Remember for that $20 they need servers, colo space, bandwidth, power, staff, office space, etc. I think they are very reasonably priced. If you need more space upgrade your linode.


Looks like I'm the one who started to hijack this thread, about 10 posts ago, into a discussion about storage space. The point I was trying to make was not that the space offered by Linode is insufficient. 12GB for $20 is more than plenty compared to the prices charged by many of Linode's competitors, and most of those competitors don't even come close to Linode's service and reliability!

Rather, my "complaint" is that the 1:34.133 RAM:HDD ratio doesn't necessarily work for everyone. Some people need much more RAM (e.g. small website with lots of visitors), others need much more HDD. But Linode doesn't seem to like the idea of custom-sized plans, so we have this strange pricing scheme where extras cost a lot more than upgrades. (e.g. Linode 360 + 6GB HDD = $31.95, but Linode 540 with same amount of HDD and 50% more RAM = $29.95)

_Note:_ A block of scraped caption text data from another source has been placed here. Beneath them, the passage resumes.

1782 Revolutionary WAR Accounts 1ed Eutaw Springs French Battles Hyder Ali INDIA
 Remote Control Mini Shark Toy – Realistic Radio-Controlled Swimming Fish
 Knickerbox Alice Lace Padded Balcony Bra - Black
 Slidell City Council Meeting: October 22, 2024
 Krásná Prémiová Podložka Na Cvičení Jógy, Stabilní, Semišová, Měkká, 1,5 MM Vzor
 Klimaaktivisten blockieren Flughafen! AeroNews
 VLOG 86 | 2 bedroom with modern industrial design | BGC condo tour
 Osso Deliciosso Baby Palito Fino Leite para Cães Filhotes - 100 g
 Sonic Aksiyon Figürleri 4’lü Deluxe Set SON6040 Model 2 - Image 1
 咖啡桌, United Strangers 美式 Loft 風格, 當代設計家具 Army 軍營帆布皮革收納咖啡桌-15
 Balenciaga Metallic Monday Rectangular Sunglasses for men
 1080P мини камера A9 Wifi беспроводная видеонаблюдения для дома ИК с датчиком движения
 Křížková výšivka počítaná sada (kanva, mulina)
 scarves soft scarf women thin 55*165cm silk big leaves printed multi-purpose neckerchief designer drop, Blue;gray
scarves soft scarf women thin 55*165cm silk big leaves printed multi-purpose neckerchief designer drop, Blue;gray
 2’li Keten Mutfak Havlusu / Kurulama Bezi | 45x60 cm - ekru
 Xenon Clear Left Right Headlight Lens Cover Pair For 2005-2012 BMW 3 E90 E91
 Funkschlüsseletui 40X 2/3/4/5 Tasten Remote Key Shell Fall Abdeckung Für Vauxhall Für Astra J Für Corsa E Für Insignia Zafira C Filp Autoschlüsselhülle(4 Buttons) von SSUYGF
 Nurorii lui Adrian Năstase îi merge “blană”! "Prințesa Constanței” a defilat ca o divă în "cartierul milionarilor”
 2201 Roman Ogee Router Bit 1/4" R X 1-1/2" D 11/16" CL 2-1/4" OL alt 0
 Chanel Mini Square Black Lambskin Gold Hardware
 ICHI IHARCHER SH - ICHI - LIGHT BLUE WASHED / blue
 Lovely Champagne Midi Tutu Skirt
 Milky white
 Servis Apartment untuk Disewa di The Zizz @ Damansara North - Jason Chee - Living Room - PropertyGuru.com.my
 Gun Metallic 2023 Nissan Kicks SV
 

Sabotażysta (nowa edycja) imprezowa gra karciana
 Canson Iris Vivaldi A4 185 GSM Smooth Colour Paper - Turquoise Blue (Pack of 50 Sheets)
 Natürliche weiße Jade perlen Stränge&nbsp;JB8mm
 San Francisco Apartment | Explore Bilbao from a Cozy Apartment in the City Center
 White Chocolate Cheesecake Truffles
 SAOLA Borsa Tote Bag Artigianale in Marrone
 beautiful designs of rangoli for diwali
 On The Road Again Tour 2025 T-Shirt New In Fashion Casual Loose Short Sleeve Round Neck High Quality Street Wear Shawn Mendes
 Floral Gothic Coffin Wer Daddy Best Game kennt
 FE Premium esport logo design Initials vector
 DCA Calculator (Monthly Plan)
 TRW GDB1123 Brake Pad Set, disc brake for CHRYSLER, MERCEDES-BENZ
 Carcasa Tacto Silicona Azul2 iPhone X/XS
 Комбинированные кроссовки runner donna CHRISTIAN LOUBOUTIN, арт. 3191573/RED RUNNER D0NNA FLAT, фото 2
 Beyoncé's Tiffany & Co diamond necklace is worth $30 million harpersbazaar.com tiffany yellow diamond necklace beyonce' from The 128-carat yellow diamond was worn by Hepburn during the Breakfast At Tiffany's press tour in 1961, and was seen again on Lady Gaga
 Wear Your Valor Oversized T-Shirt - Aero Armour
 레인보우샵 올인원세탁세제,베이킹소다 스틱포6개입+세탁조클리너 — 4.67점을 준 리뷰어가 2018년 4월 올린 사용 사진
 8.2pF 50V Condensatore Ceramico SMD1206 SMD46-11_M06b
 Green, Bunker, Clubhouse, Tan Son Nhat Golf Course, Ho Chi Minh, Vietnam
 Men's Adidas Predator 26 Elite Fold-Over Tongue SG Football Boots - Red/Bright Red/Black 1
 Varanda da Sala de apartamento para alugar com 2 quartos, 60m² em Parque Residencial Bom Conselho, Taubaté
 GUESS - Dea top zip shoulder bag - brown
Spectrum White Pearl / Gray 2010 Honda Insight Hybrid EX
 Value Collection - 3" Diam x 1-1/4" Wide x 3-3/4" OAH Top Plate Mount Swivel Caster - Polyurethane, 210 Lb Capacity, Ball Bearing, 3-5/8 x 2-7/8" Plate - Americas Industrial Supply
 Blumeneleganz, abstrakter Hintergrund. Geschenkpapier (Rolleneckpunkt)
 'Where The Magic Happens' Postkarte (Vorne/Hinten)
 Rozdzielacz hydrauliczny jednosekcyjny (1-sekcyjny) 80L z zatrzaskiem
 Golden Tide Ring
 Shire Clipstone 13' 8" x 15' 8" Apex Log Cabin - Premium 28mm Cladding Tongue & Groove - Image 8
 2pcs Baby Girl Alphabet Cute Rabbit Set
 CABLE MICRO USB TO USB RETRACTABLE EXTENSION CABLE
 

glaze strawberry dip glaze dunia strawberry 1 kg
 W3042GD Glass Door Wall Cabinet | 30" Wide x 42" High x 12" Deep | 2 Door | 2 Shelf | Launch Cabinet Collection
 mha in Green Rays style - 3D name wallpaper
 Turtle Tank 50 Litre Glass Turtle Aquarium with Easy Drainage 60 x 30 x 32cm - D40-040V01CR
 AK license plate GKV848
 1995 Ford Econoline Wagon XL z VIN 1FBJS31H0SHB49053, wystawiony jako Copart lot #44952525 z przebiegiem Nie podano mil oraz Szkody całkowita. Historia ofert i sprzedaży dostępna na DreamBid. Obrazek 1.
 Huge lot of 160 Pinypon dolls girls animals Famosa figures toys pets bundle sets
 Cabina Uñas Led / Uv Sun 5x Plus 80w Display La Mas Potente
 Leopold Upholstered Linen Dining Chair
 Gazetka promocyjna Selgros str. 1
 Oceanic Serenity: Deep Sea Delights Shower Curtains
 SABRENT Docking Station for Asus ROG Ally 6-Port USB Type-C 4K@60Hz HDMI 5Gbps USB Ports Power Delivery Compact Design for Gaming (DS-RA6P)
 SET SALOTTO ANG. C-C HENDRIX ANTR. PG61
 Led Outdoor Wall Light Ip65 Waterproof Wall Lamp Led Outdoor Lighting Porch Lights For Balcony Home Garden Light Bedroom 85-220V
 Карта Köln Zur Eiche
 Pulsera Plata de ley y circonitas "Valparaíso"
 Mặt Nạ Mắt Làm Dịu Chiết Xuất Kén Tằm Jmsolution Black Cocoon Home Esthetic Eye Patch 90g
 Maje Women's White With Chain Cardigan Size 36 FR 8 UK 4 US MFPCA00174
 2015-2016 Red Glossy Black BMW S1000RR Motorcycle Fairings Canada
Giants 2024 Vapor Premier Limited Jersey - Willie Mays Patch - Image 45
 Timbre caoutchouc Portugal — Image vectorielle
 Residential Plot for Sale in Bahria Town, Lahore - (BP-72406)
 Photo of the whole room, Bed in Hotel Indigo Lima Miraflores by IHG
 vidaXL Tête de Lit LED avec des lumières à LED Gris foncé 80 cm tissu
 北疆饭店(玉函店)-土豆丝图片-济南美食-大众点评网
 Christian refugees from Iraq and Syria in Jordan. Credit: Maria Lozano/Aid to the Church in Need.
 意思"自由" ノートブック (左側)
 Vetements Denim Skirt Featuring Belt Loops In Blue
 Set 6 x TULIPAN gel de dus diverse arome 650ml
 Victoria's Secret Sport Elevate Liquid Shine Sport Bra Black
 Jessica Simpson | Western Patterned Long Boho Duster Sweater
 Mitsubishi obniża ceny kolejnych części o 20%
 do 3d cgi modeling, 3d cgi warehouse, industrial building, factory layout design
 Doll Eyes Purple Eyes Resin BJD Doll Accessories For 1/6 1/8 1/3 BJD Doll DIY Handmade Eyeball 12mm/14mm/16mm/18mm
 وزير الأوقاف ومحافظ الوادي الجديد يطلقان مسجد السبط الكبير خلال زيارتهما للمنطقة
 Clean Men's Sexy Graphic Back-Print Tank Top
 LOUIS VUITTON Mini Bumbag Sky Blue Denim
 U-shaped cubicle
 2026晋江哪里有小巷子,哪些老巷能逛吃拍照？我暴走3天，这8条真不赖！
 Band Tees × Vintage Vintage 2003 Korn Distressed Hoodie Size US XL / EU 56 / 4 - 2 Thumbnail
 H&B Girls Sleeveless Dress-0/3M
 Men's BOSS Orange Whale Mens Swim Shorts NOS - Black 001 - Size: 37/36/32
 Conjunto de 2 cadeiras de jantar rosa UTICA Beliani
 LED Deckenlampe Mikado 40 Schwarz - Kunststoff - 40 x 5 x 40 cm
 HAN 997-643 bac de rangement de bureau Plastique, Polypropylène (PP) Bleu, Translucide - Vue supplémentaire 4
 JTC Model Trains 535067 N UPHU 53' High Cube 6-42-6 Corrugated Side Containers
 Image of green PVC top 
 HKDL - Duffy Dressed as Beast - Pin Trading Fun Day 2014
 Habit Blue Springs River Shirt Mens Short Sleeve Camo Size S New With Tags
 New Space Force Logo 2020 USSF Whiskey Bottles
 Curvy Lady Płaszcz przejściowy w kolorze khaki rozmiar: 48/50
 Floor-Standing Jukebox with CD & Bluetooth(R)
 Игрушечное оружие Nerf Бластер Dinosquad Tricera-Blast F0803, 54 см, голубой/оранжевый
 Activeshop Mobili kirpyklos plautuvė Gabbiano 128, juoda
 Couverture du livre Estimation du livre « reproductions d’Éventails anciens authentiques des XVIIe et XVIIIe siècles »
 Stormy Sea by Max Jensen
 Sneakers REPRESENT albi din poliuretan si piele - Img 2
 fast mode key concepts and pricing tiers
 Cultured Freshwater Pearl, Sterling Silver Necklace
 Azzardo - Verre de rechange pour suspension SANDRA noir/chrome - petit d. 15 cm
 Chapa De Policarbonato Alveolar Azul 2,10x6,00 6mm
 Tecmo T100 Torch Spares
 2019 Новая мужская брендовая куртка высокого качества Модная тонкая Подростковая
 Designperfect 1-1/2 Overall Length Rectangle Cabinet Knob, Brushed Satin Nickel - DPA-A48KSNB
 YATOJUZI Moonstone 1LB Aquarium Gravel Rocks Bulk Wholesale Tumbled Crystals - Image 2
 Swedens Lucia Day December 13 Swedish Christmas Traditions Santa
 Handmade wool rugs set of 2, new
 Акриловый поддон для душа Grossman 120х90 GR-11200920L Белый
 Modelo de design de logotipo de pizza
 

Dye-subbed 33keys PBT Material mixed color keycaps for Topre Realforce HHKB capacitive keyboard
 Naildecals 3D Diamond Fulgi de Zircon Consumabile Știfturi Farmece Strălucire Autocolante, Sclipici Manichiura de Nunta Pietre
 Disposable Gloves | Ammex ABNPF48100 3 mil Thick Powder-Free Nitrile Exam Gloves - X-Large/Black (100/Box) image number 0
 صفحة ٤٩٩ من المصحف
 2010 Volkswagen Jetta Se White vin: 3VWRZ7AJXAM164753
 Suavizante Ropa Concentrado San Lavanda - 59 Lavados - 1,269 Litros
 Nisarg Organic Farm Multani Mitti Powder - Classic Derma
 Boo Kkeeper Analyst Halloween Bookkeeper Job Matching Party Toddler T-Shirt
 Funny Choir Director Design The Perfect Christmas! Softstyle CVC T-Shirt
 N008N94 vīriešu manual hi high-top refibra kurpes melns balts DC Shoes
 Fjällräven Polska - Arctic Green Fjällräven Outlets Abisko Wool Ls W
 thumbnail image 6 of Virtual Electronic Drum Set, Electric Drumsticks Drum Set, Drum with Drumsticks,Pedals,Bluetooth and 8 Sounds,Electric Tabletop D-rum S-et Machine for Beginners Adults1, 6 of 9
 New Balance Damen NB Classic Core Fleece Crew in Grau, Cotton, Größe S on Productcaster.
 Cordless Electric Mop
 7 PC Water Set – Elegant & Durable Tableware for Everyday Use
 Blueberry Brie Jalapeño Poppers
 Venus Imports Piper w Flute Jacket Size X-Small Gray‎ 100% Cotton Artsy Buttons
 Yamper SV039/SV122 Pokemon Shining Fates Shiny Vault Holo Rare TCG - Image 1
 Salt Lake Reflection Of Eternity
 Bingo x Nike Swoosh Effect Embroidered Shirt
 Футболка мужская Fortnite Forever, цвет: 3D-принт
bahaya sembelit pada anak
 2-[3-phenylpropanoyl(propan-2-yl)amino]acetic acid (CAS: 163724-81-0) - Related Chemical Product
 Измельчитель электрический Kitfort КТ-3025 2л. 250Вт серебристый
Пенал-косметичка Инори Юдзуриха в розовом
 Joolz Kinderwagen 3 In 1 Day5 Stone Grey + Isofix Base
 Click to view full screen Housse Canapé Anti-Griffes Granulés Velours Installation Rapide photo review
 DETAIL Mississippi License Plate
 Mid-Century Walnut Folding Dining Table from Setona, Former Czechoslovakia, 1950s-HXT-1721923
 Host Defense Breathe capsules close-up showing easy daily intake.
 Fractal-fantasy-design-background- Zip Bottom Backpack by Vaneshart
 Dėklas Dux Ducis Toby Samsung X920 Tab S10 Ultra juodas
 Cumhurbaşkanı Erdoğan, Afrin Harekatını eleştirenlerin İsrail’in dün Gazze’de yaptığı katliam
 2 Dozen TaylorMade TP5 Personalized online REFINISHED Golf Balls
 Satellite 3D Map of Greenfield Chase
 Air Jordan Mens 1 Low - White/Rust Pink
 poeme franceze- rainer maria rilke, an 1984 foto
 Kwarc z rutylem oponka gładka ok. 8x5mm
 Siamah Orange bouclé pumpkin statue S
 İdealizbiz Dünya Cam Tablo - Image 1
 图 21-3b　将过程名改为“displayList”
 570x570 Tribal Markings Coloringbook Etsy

I know of a European domain registrar who recently started to sell Xen VPS's. Their customer service is rather lousy so I have no intention to encourage anyone to check them out, but one thing I like about their plans is that pretty much everything is customizable. You only need to pay for what you need. "Four chicken strips with small fries and extra large diet coke, please!" and nobody tells you that you can't have a small fry with a combo. Looks to me like a nice business model, and there obviously exists technology to manage such a system. I'd love to see something like this come from Linode -- maybe not immediately but sometime down the road -- because it would be so much cooler when backed by Linode service and reliability.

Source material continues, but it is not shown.